WASHINGTON — President Donald Trump is bemoaning what he calls “the level of hostility” that he says has stymied bipartisanship in Washington.

While discussing the Republican health bill during an interview on “Fox & Friends,” Trump said it would be great if lawmakers from both parties could “come up something that everybody’s happy with.”

Then he criticizes two prominent Democratic senators.

Trump says the Democrats’ “theme is resist” and that “if it was the greatest bill ever proposed in mankind, we wouldn’t get a vote” from them.

Trump said Senate Democratic leader Chuck Schumer criticized the GOP bill before knowing what was in it. And the president called Massachusetts Sen.
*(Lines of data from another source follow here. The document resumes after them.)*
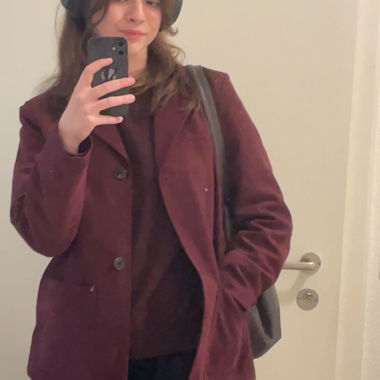 Giacca blazer bordeaux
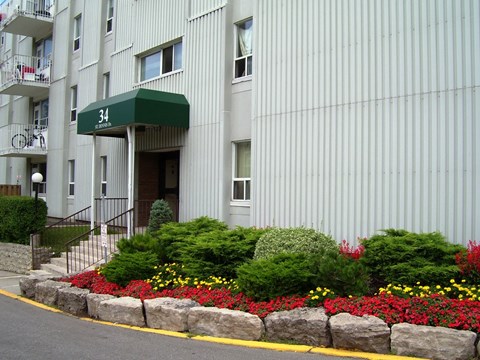 A building with the number 34 on it.
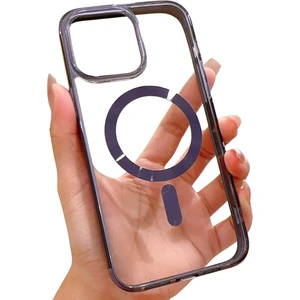 İphone 14 Promax Kamera Çıkıntılı Kenar Renkli Kılıf magsafe Destekli darbe emici Koruycu kapak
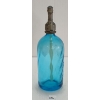 Image 2 : PERRONI RENATO TERRACINA - AZUR BLUE ACID-ETCHED BARLEY TWIST - SELTZER BOTTLE
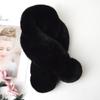 Imitationskaninchenfellschal Doppeltube Doppelball Pelzschal Winter Damen Saison Beidseitig Warm Verdickter Schal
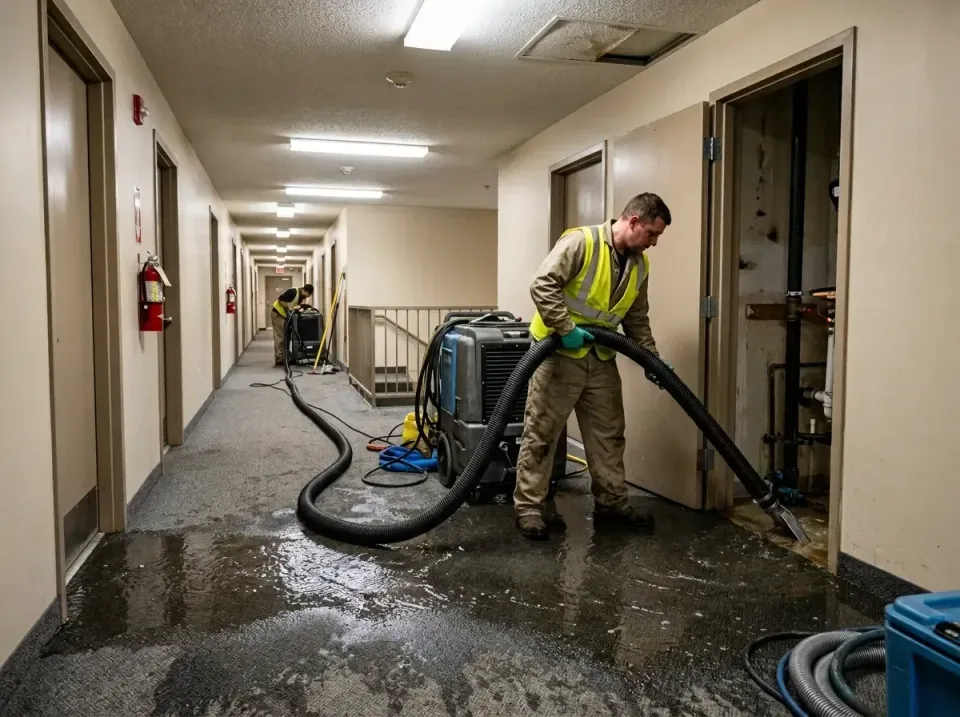 multi-unit-apartment-hallway-f-005 — frequently asked questions, Emergency Burst Pipe Water Extraction & Removal in Ramsey,…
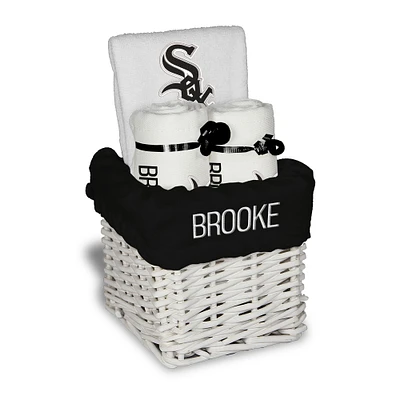 White Chicago White Sox Personalized Small Gift Basket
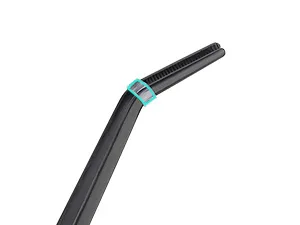 Hygger aquarium LED light bar with blue accent, sleek black design for aquarium lighting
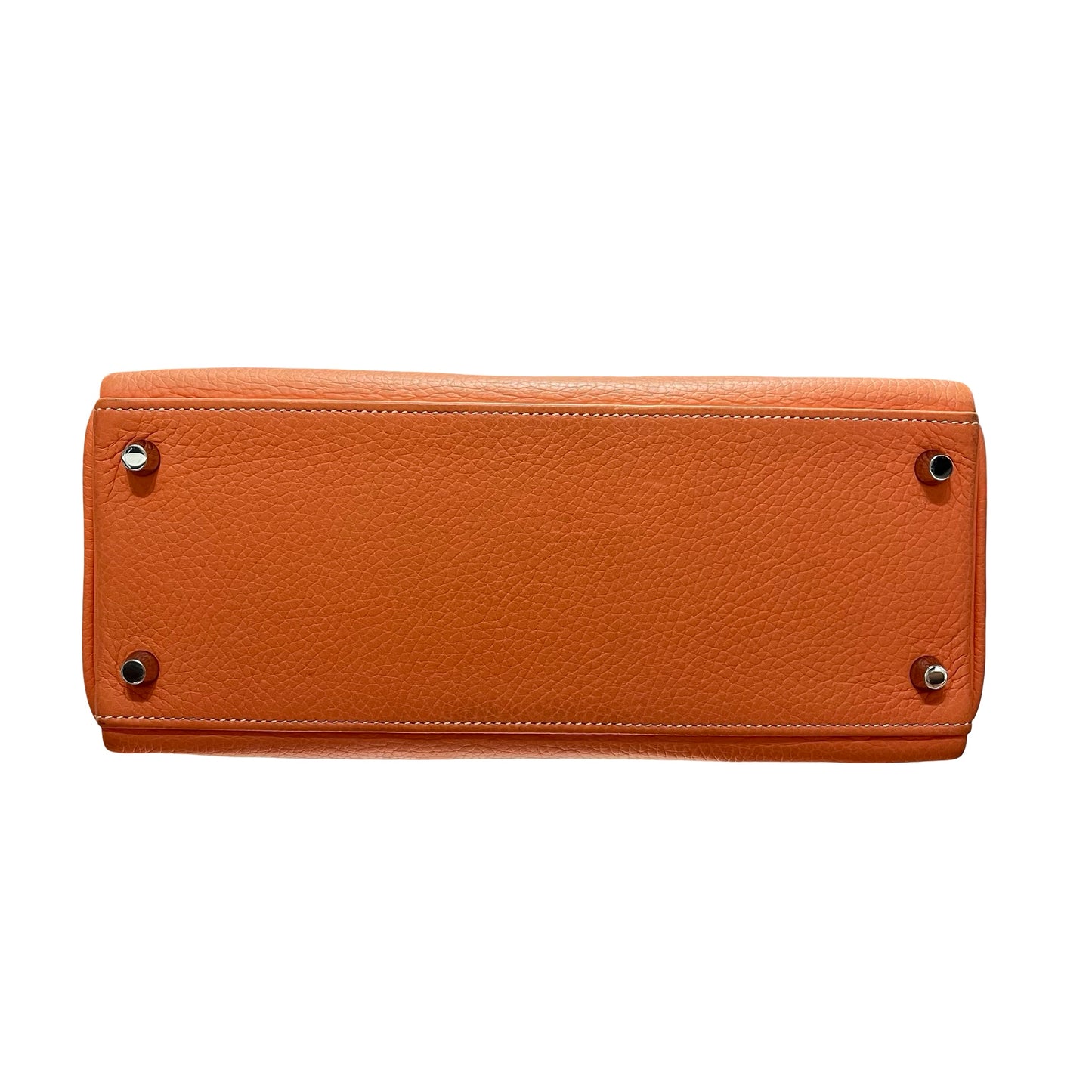 HERMÈS Kelly 28 Handbag Orange (93) PHW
Elizabeth Warren “somebody that’s just got a lot of hatred.”

Warren is a leading liberal and defender of the current health law.

One of the Republican senators who’s opposing his party’s health care bill as written says the Senate shouldn’t vote on the plan this week.

The lengthy proposal only came out last week, but Senate Majority Leader Mitch McConnell wants to begin voting this week.

That’s not sitting well with GOP Sen. Ron Johnson of Wisconsin.

“I would like to delay the thing. There’s no way we should be voting on this next week. No way,” he said.

Johnson told NBC’s “Meet the Press” that he has “a hard time” believing that his constituents or even he “will have enough time to properly evaluate” the measure.

Johnson says he’s made his views clear to the party leadership and the White House.

Schumer said Senate passage of the Republican health care bill is too close to call.

He told ABC’s “This Week” the GOP has “at best, a 50-50 chance.”

In the narrowly divided Senate, defections from just three of the 52 Republican senators would doom the legislation.

Schumer said Democrats have made clear they would be willing to work with Republicans to pass a Senate bill if they agree to drop a repeal of the Affordable Care Act and instead work to improve it.

Schumer described the GOP proposal as “devastating” to the middle class and “that’s what’s making it so hard for them to pass it.”